Exercise directions
Begin at the line with "a small yellow" and output every line through the end of the records, exactly as given. Omit pictures.

== Data to process ==

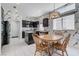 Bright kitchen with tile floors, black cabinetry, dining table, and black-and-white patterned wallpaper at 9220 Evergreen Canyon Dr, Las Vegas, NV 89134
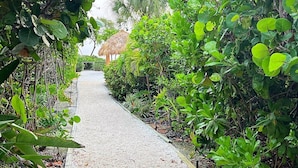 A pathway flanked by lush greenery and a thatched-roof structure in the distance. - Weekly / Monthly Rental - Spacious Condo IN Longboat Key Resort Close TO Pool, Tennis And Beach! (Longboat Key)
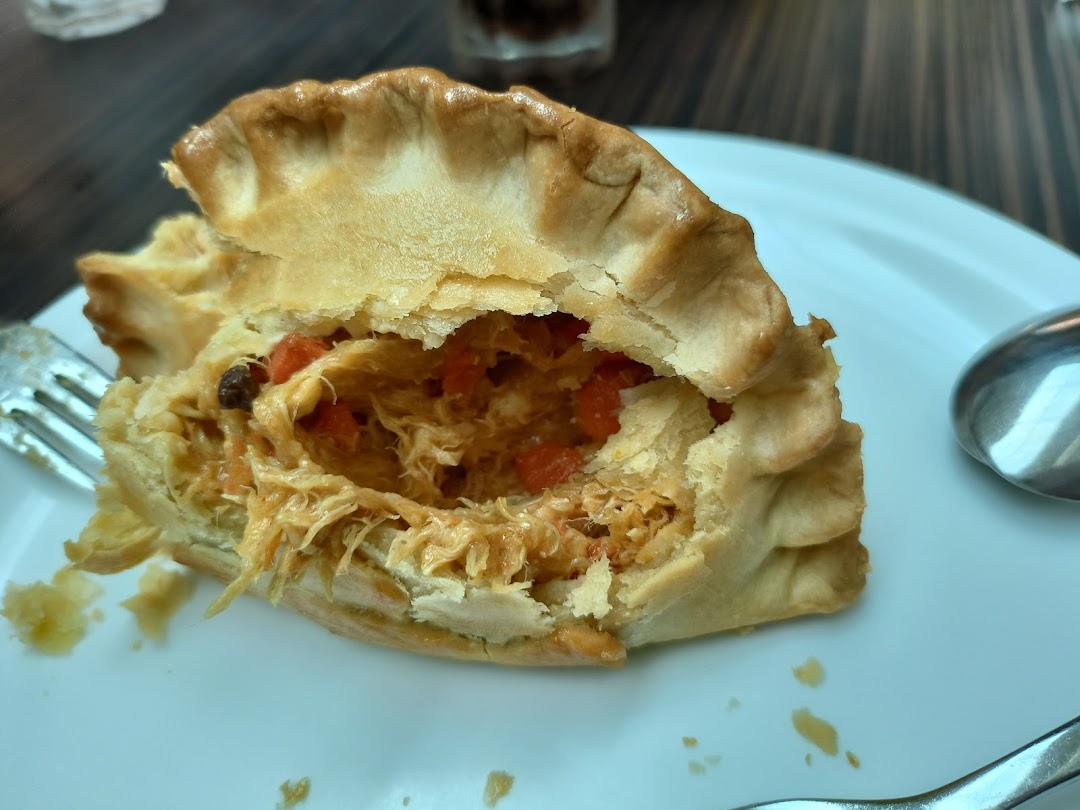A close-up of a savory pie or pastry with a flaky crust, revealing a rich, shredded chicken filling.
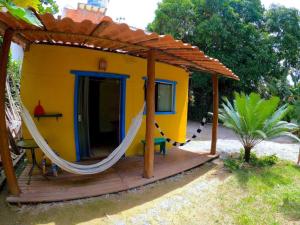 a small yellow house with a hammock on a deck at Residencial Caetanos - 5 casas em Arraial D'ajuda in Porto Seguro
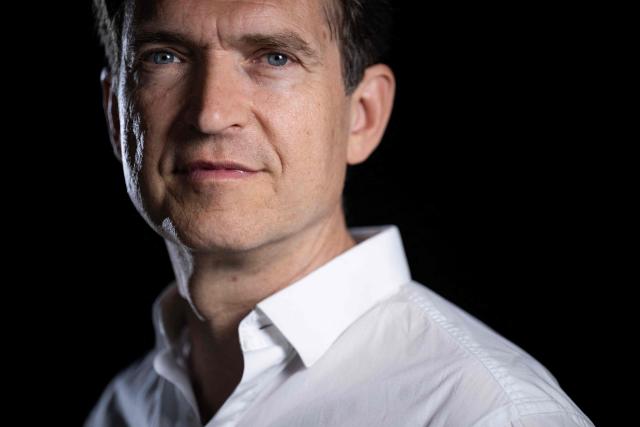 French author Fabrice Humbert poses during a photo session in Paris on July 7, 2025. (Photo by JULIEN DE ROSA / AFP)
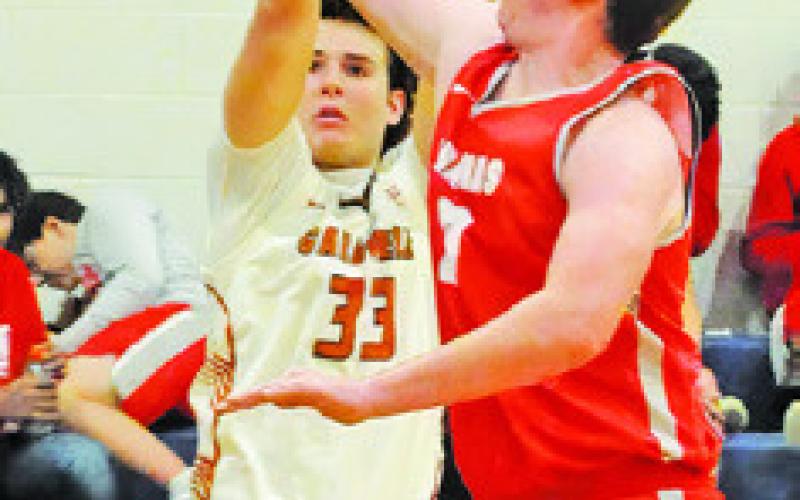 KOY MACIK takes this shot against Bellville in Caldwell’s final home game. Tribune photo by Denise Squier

===

Task result
 a small yellow house with a hammock on a deck at Residencial Caetanos - 5 casas em Arraial D'ajuda in Porto Seguro
 French author Fabrice Humbert poses during a photo session in Paris on July 7, 2025. (Photo by JULIEN DE ROSA / AFP)
 KOY MACIK takes this shot against Bellville in Caldwell’s final home game. Tribune photo by Denise Squier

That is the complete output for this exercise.